La filosofia di Pico afferma dunque un’idea di libertà assai poco trionfale, avvolta piuttosto nella consapevolezza tragica della condizione umana. Il legame tra il problema della libertà e la «divina caligo», l’incomprensibilità ultima e irriducibile contro la quale si scontra l’affannosa ricerca di senso dell’uomo, pone l’agire umano nella vertigine dell’incertezza e definisce al contempo l’impossibilità, per l’uomo, di giungere alla piena verità. Ciò che contraddistingue la condizione umana è il destino tragico dell’essere posto di fronte a un’opzione. Pur scegliendo la via della conoscenza e l’abbandono dei propri istinti, l’uomo intraprende un percorso la cui poco rassicurante meta è la consapevolezza dell’insufficienza del proprio conoscere (in-discernere), la scoperta che quell’itinerario che dovrebbe condurlo alla più piena felicità è qualcosa cui tendere all’infinito in un progresso di speranze più che di sapere. Ma è proprio la coscienza di questo limite, che è prima di tutto la coscienza dell’impossibilità di procedere affermativamente nella conoscenza piena dell’oggetto della propria ricerca, il momento di massima somiglianza con il divino: con una divinità che trova nell’uomo la faccia umbratile e oscura dell’onniscienza e della libertà.
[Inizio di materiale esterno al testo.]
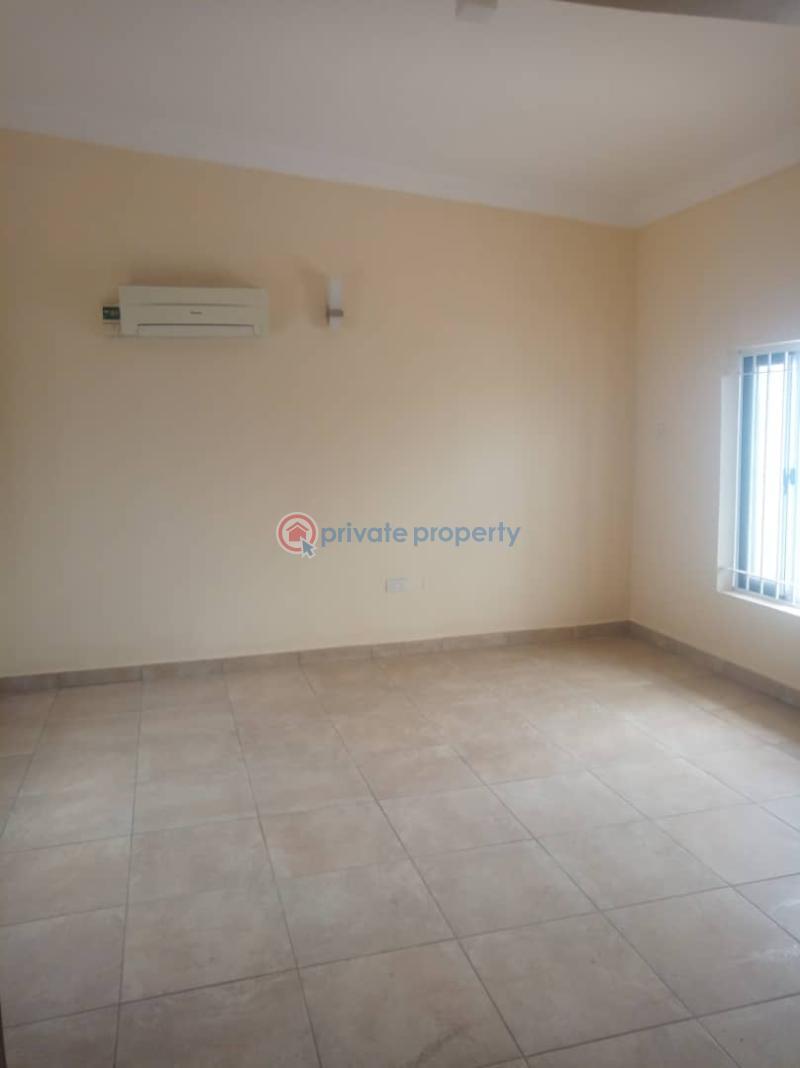 4 bedroom House For Rent Gilmore Jahi Abuja Phase 2  - 3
L’uomo raggiunge la verità e la piena realizzazione della propria libertà solo in quanto altro da sé, come «unus cum deo spiritus factus». Proprio perché imago indiscreta, per Pico l’uomo, proprio come Dio, è tutte le cose; non però come principio, ma come termine medio. È questo il senso delle parole dell’Heptaplus: l’uomo «non è tanto un quarto mondo, quasi una creatura nuova, quanto il complesso e la sintesi dei tre mondi descritti» (Pico 1942, p. 301). Se Dio «contiene in sé tutto come principio di tutte le cose», l’uomo «contiene in sé tutto come termine medio di tutte le cose» (Pico 1942, p. 303).
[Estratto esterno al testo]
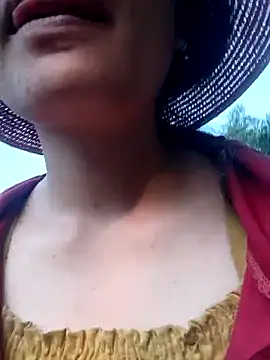 bree-zz online show from 3, 3, 2026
Per Pletone, grazie alla ragione l’uomo poteva pervenire a una verità unica ed eterna, testimoniata dal comune accordo dei più antichi filosofi. Per Pico invece, il cammino verso la verità parte certamente dall’analisi dei filosofi antichi, ma, proprio perché la ricerca è infinita e le strade che si possono percorrere sono molteplici, è indispensabile tentare nuovi sentieri e nuove dimostrazioni.
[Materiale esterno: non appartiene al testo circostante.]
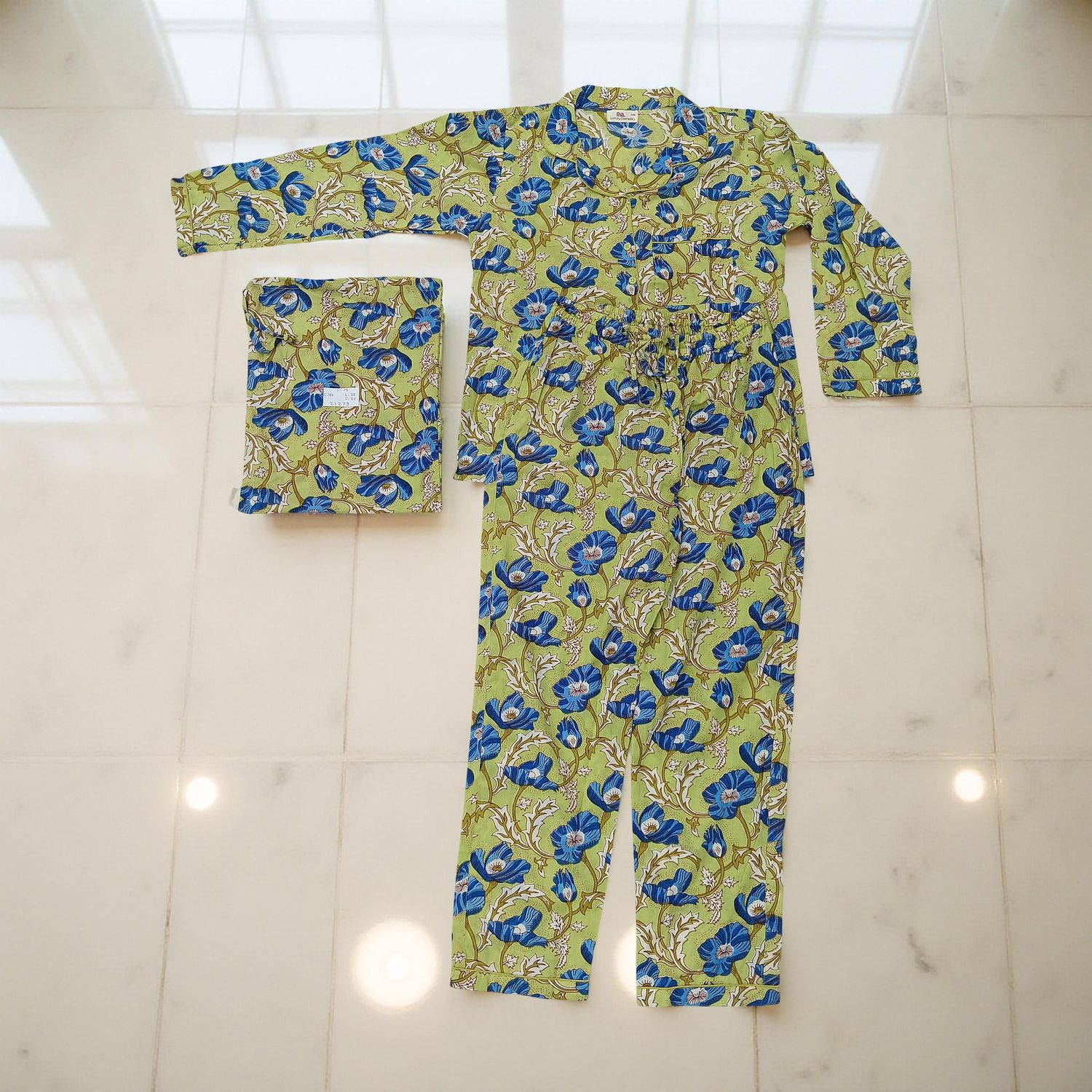 S-M Cotton Full Sleeves Pajamas Set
C’è una domanda sottesa all’Oratio e, più in generale, ai propositi del giovane filosofo del tutto incompatibile con il pensiero di Pletone e con la concezione per la quale la verità va ricercata a ritroso, e il sapere integro, meta dei filosofi, è raggiungibile solo al termine di una revolutio verso il passato, l’origine, un’eternità che è prima del tempo: «a che serve – si chiede Pico – aver discusso tutte le altrui opinioni se, accedendo al convito dei sapienti come chi non rechi la sua parte, non avessimo portato nulla di nostro, nulla prodotto ed elaborato dal nostro ingegno?» (Pico 1942, pp. 142-145). La verità è una meta cui aspirare, è il limite ultimo cui tende il cammino di ricerca del filosofo nella consapevolezza del carattere provvisorio e particolare di ogni dottrina. Per questo la verità non è data una volta per tutte e non si esaurisce neppure nelle opere dei prisci Philosophi. Per possederla occorre riviverla e riguadagnarla lungo un percorso segnato più dall’inquietudine e dagli scontri che dalla calma della meditazione. Forse per questo, scriveva Pico, «anche i Caldei richiedono che alla nascita di colui che deve diventare filosofo Marte guardi con triangolare aspetto Mercurio, quasi che, tolte queste riunioni, questi contrasti, tutta la filosofia dovesse ridursi sonnacchiosa e dormiente» (Pico 1942, p. 137).